* Records from a collection *
* * * * * * *
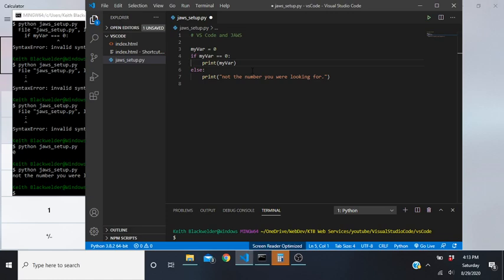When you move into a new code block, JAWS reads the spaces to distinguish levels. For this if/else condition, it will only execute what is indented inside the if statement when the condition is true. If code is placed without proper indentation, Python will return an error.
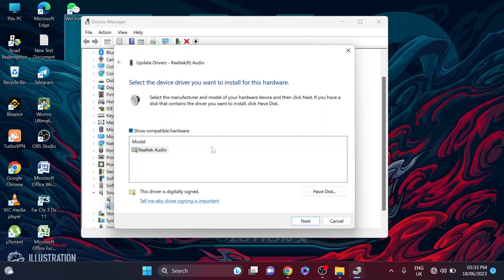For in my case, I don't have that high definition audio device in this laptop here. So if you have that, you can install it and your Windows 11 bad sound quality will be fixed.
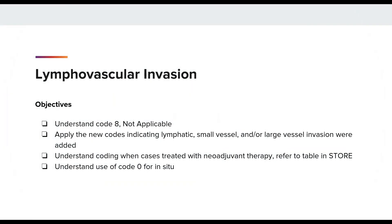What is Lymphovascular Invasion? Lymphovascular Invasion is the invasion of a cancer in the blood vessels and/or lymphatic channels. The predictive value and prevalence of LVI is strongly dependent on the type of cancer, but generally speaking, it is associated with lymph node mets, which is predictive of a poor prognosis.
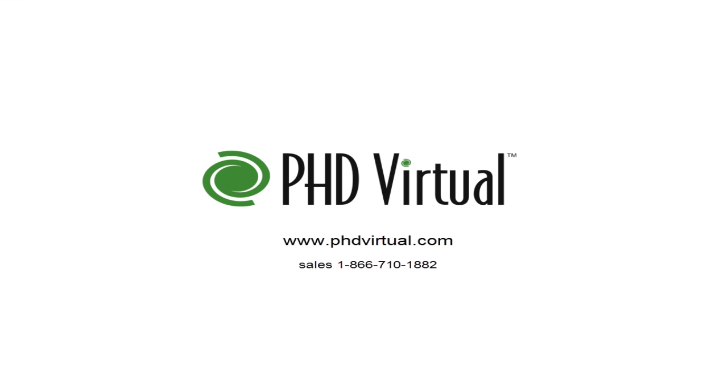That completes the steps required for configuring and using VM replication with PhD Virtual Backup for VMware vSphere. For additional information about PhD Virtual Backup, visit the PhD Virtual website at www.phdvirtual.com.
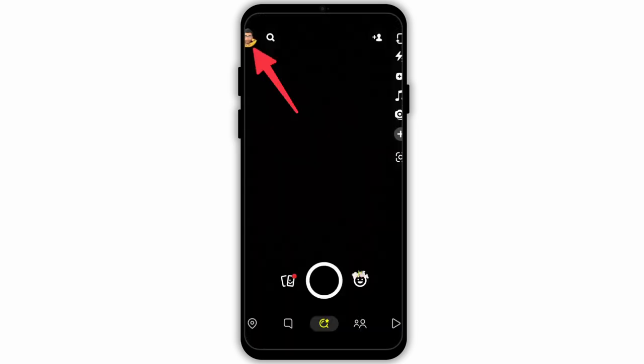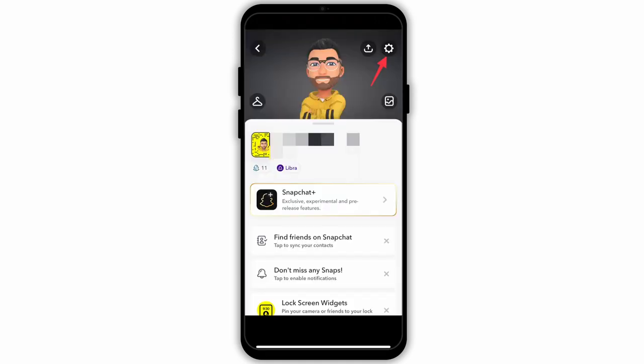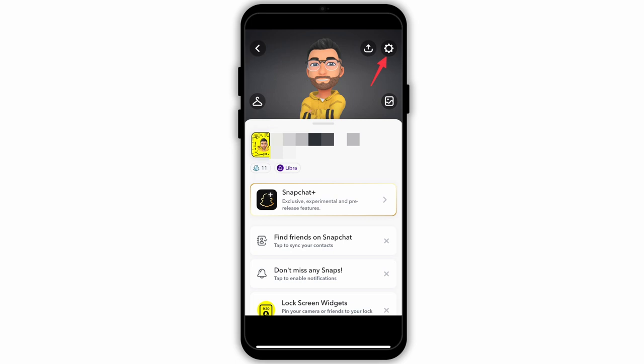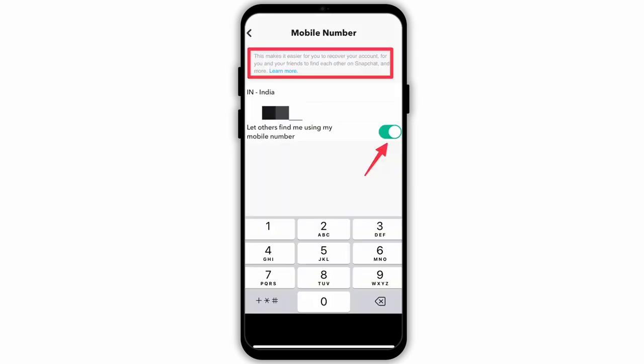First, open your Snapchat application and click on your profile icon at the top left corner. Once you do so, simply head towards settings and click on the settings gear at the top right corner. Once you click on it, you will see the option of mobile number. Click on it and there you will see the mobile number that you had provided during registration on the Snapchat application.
* * * * * * *
The lines wanted are those from the one with "What is Lymphovascular" to the end of the entries above, repeated exactly, both ends included. Leave out the pictures.

* SOLUTION TO THE PROBLEM *
What is Lymphovascular Invasion? Lymphovascular Invasion is the invasion of a cancer in the blood vessels and/or lymphatic channels. The predictive value and prevalence of LVI is strongly dependent on the type of cancer, but generally speaking, it is associated with lymph node mets, which is predictive of a poor prognosis.
That completes the steps required for configuring and using VM replication with PhD Virtual Backup for VMware vSphere. For additional information about PhD Virtual Backup, visit the PhD Virtual website at www.phdvirtual.com.
First, open your Snapchat application and click on your profile icon at the top left corner. Once you do so, simply head towards settings and click on the settings gear at the top right corner. Once you click on it, you will see the option of mobile number. Click on it and there you will see the mobile number that you had provided during registration on the Snapchat application.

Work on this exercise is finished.